### INSTRUCTIONS FOR THE TASK
Reproduce, exactly, the lines of the material below from the line containing "Avi online shopping mall logo" through the line containing "Comedor del restaurante Quinta Hayara", with both end lines included and nothing else.

### DATA UNDER STUDY
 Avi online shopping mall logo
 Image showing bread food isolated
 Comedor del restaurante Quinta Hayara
* * *
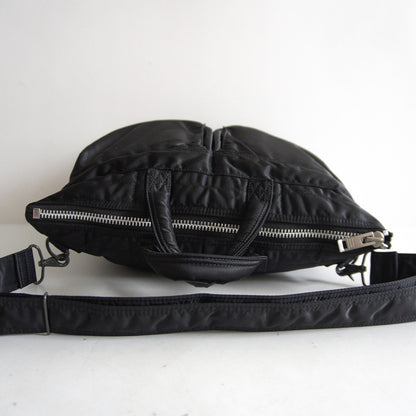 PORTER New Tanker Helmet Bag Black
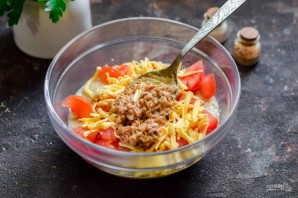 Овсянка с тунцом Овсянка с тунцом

### WRITTEN ANSWER
 Avi online shopping mall logo
 Image showing bread food isolated
 Comedor del restaurante Quinta Hayara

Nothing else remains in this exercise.